Car en face Brett Brown, lui, a su proposer quelque chose de nouveau sur ce début de série. Moins de Boban Marjanovic au relai de Joel Embiid mais plus de… Greg Monroe, comme quoi l’ancien assistant de Gregg Popovich a un certain talent de taxidermiste. Plus de James Ennis également, ajout récent qui s’avère être très utile pour défendre le fer et planter une petite dizaine de points quand il faut et là où il faut. Un peu de Monroe, un peu d’Ennis mais également un peu de Mike Scott, ce dernier étant au moins aussi fort pour planter des daggers que pour apporter la dose de hustle nécessaire en Playoffs. Pas de Bolden, pas de Boban, pas de McConnell ni de Jonathon Simmons, des choix forts mais des remplaçants qui remplissent merveilleusement bien leur rôle dans cette série. Le tout ajouté à un ballon qui circule enfin de la bonne manière en attaque, avec un Tobias Harris davantage dans une position de Redick n°2, tournant autour des écrans pour pull-up à la moindre occasion, tout en laissant du coup toute la raquette et ses environs à Joel Embiid. Simmons à la baguette quand ça court, Butler quand ça trottine, deux snipers qui fatiguent les défenses et un phare bien lumineux au centre de tout ça, il semblerait que les Sixers aient – enfin – trouvé la bonne formule, en tout cas pour gêner les Raptors.

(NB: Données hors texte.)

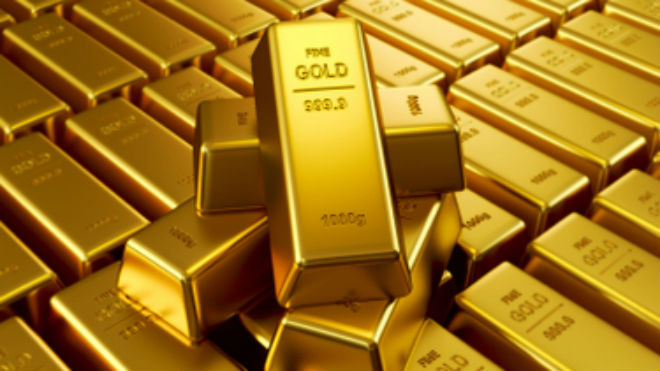 Cuối tuần, USD giảm mạnh, vàng đi xuống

Brett Brown 2, Nick Nurse 1. Rapatrier Marc Gasol sur le banc ? Associer plus souvent Lowry et VanVleet pour enlever un peu de la pression du poste 1 au petit Freddy ? Sortir un Malcolm Miller ou un Pat McCaw de sa manche ? Les solutions ne sont pas nombreuses pour Nicolas Infirmière mais il va falloir tenter très vite quelque chose car son équipe pourrait très bien repartir dans le nord avec un 3-1 à remonter. Et vous savez quoi, tout le monde n’est pas les Warriors ou les Cavs de LeBron.